Récemment j’ai dû faire des papiers administratifs et c’était un peu comme dans les douze travaux d’Astérix pour ceux qui connaissent.

C’était au consulat italien, mais c’est à peu près pareil partout. Il faudrait diminuer le nombre de nos fonctionnaires et pour ceux qui restent les rendre plus productifs….

Que faire avec l’argent économisé ? Le réinvestir intégralement dans la recherche et l’éducation, seul moyen sur le long terme de générer des emplois et de la croissance et au final de réduire la dette.

Il me semble que je m’égare, mais cette introduction avait pour but de vous rappeler que ce n’était pas toujours évident de traiter avec nos administrations, surtout quand il y a un problème, mais venons à mon article.

Un mari et son épouse étaient bateliers indépendants. Pour ceux qui ne savent pas ce que c’est, je vais vous donner la définition :

Personne qui conduit des bateaux sur des cours d’eau, spécialement qui fait traverser des passagers d’une rive à l’autre.

Lorsque son mari est mort en mai dernier, elle a décidé de redevenir salariée sur un autre bateau. Elle a également entrepris toutes les démarches nécessaires auprès des diverses autorités, notamment auprès du Régime social des indépendants (RSI) où elle a déclaré le décès ainsi que la cessation d’activité indépendante. Elle a également versé une ultime cotisation après le décès de son mari.

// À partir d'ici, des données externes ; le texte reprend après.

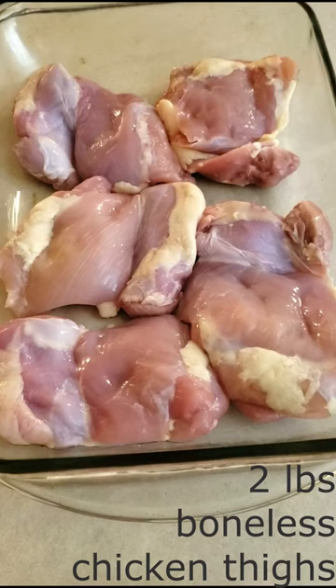Place two pounds of boneless chicken thighs or chicken breasts into a three-quart casserole dish.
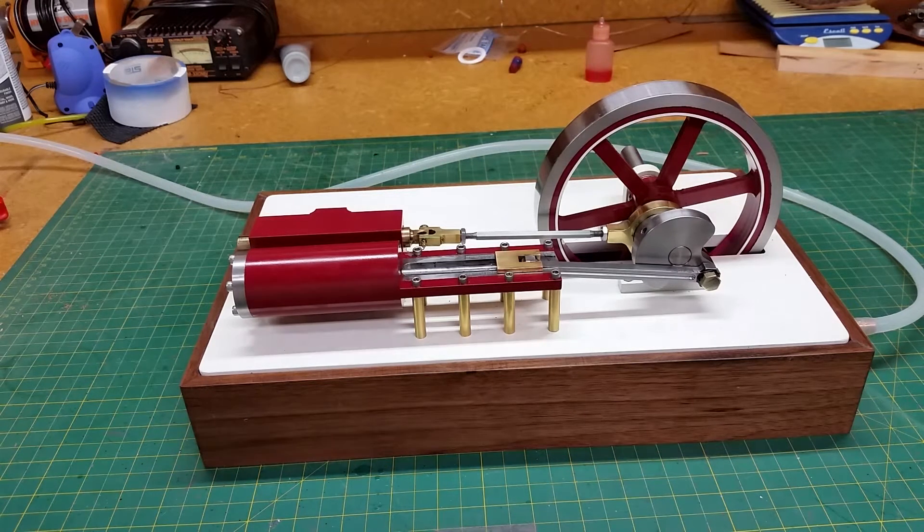So let's turn on the air here. I'm running on air because I don't have a steam boiler yet, so we'll see if we can get her going here.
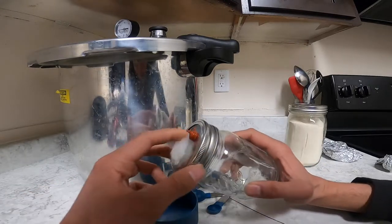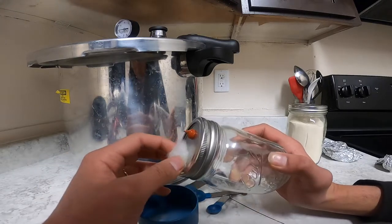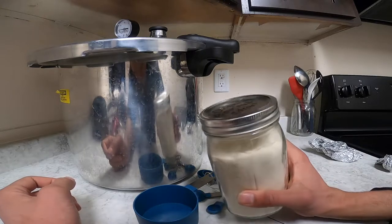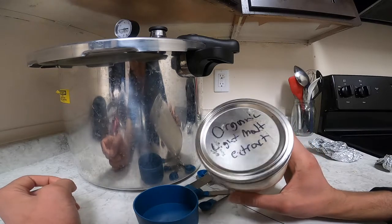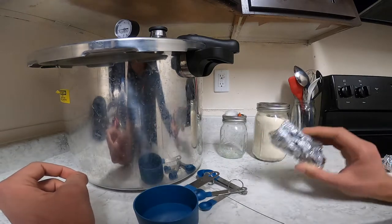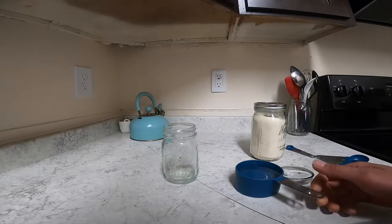Here we have a filter jar with an injection port — I have another video where I show you how to make these, it's very simple. And here I have my organic light malt extract; this is my grain-based sugar and I'm going to be mixing it with water to make the liquid culture. There are a lot of other things you can use like honey or other sugars, but in my experience this works great. I also have some tinfoil that I'm going to put on top of the filter jar when I'm sterilizing it.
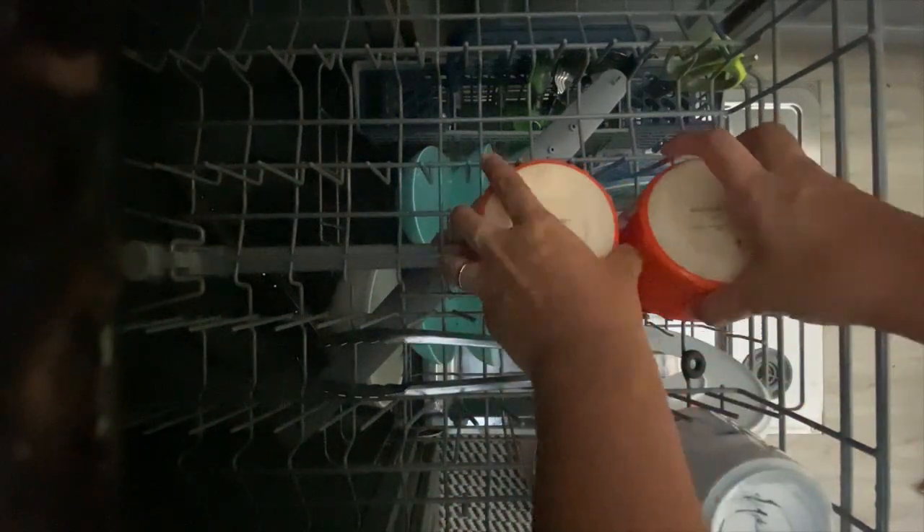The top rack is usually made for smaller things like cups and glasses. I like to put big utensils that do not fit in the basket — I lay them sideways. I like to put like items together to make it easier when it's time to put things away.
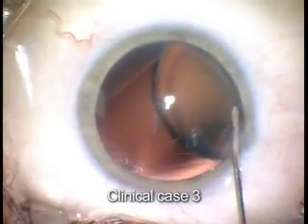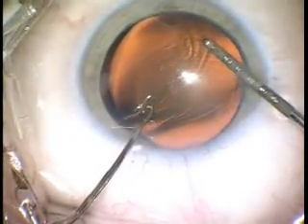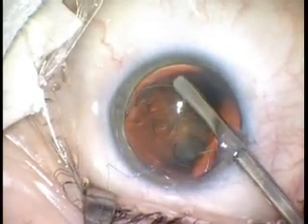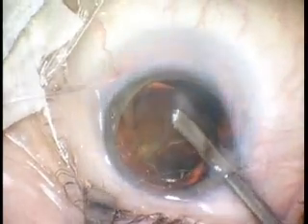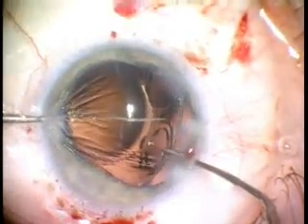In this patient, the lens was so loose that it had to be stabilized with the hook during the capsulorrhexis. The ring was implanted into the capsular bag prior to performing phaco, stabilizing the lens for emulsification. After removal of the crystalline lens material, the intraocular lens is implanted.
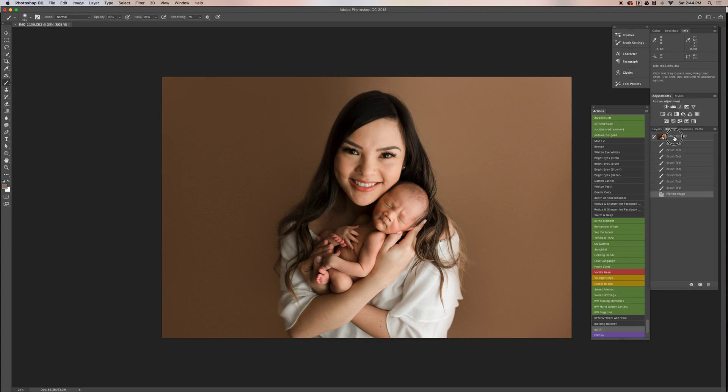And there you have it. Here's the before and there's the after. Hope it helps. Bye!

Elle pensait donc avoir fait tout ce qu’il fallait, mais le RSI à continuer a envoyé des cotisations au défunt époux. Fatiguées de recevoir ces courriers, ainsi que les relances, malgré cette explication. Madame Lysiane Duwel leur a écrit sèchement en indiquant que la nouvelle adresse de son mari était le cimetière d’Arleux (Nord).

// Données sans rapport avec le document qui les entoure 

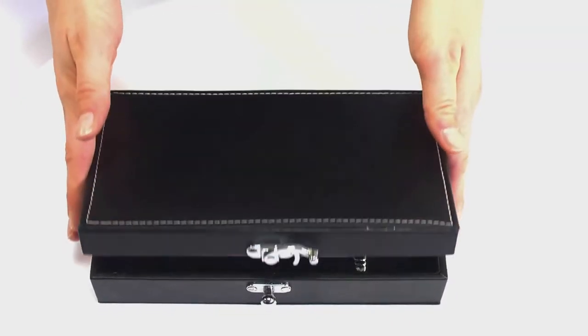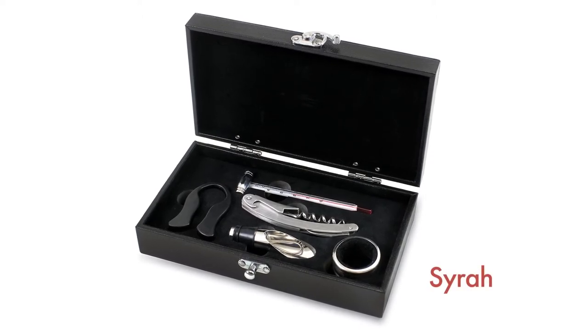The box is made of premium black leatherette with white accent stitching. The Syrah makes an impressive gift for your wine-loving friends.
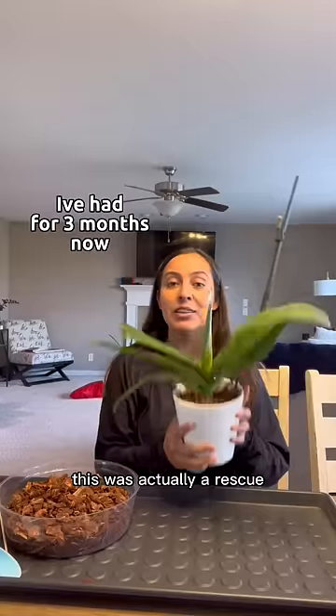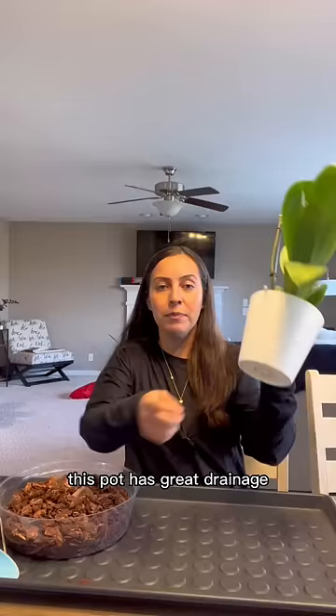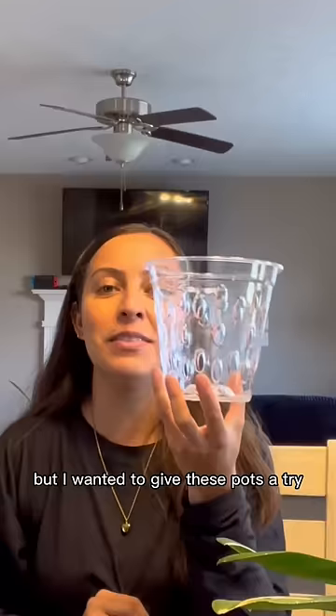Orchid repotting. This was actually a rescue. Before it decides to give me more growth and blooms, I want to repot it, just so that I can show you. This pot has great drainage and it's been working really well for me, but I wanted to give these pots a try.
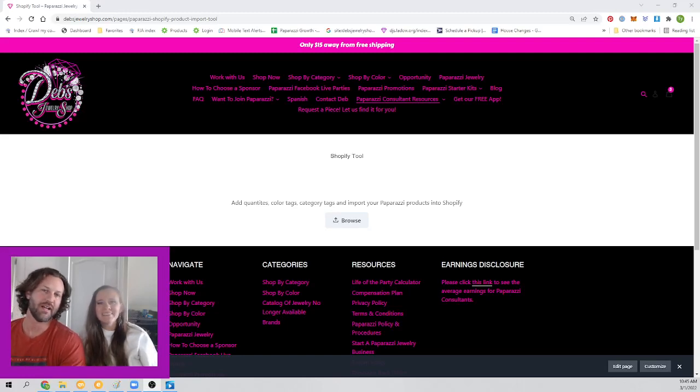Hi, I'm Debbie Parkin. And I'm Ty. We are here today to introduce a new tool that we had made to help put products on your Shopify site.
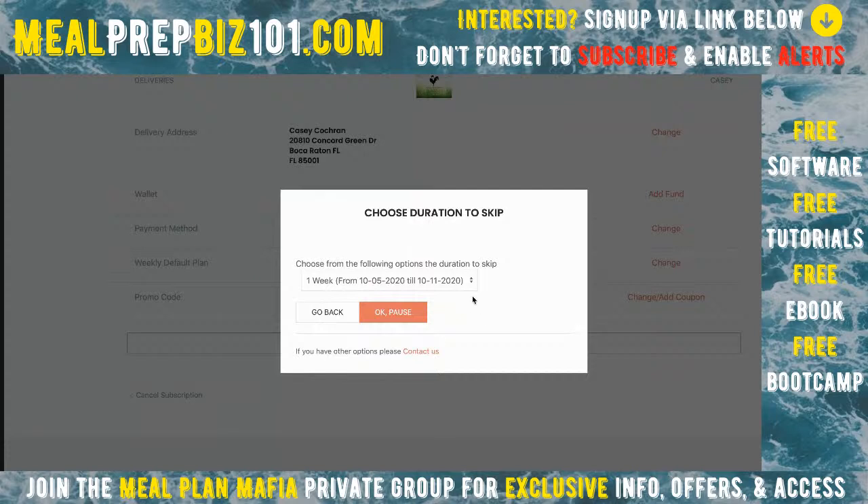I can pause my subscription. A lot of people will cancel if they think that's the only option — they might cancel because they're going on vacation even though they plan to return. Making it easy to pause keeps them as customers. They can pause themselves for up to four weeks — say, a two-week vacation. Down here in Florida, we have snowbirds — retirees who spend colder months in Florida and hotter months up north, who might be gone for several months.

Vous pensez donc que le RSI a compris et qu’ils ont donc cessé leurs envois… Eh bien non ils ont envoyé à cette adresse insolite les courriers jusqu’au « dernier avis avant poursuite« 

C’est le gardien du cimetière qui les a réceptionnés et transmis à la mairie qui les a fait suivre à la veuve.

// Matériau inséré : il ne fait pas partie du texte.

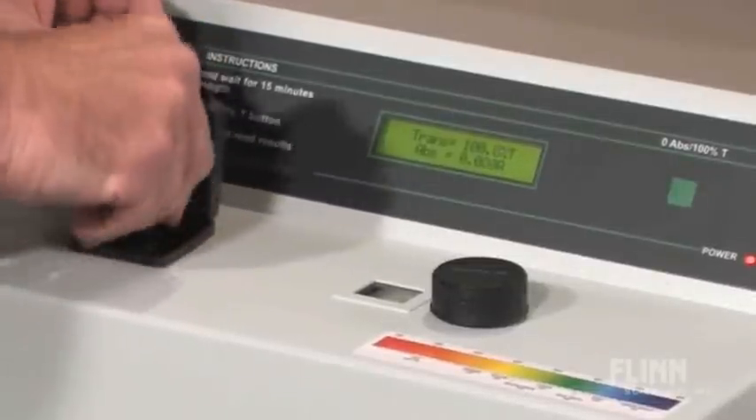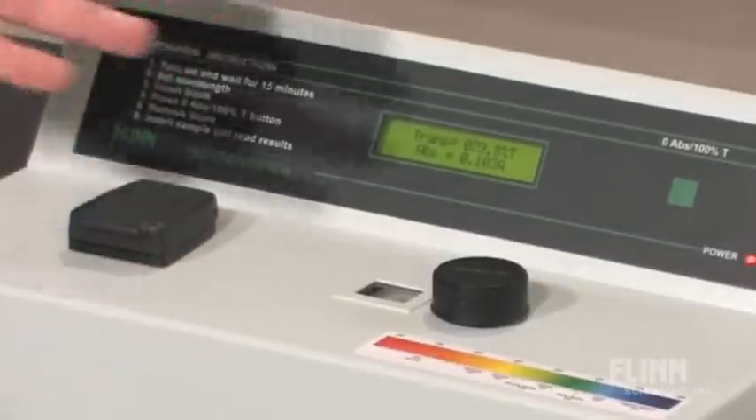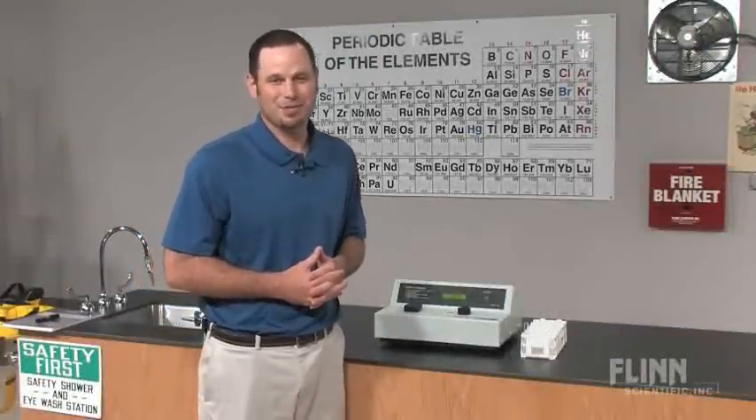Now you can remove the blank and insert your sample and record the reading. It really is that easy to use the AP7026 Flynn Scientific Spectrophotometer.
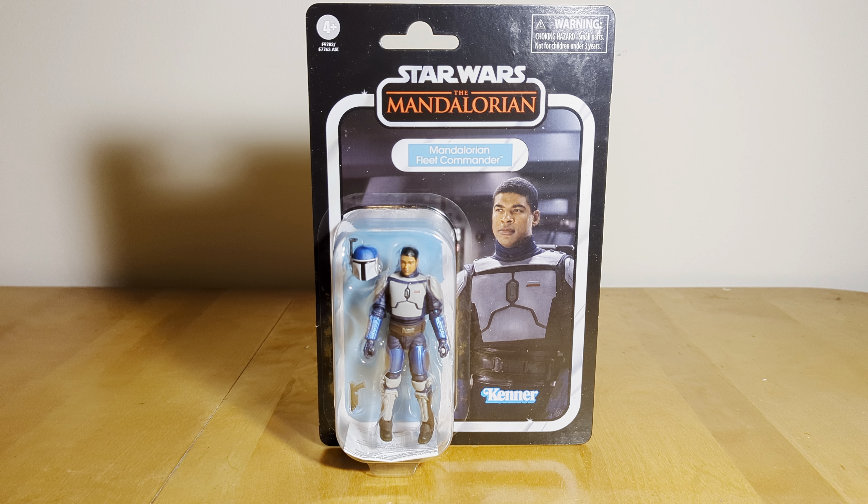Hi guys, Darth Deuces here back on our Star Wars The Finish Collection action figure review. Today taking a look at the newly released Mandalorian Fleet Commander as he appeared in Season 3 of The Mandalorian, commanding the captured Imperial Light Cruiser with the Privateers, Axe Woves, and all those guys.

Finalement grâce à l’intervention du journal La Voix du Nord, tout est rentré dans l’ordre, elle y a déclaré :

« Je ne demande pas de réparation financière, je veux juste qu’ils me laissent tranquille« 

Le directeur interrégional du RSI Jean-François Daudet a répondu publiquement :

« Nous présentons nos excuses à Madame Duwel pour cette lamentable double erreur administrative, car elle avait bien effectué les déclarations nécessaires. Nous ne l’embêterons plus et nous allons faire en sorte que cela ne se reproduise plus« 

Après tous les préjudices qu’elle a subis, je trouve la réponse vraiment légère.

Je pense qu’elle aurait droit à un minium de compensation financière, surtout qu’elle n’a rien n’a ce reproché.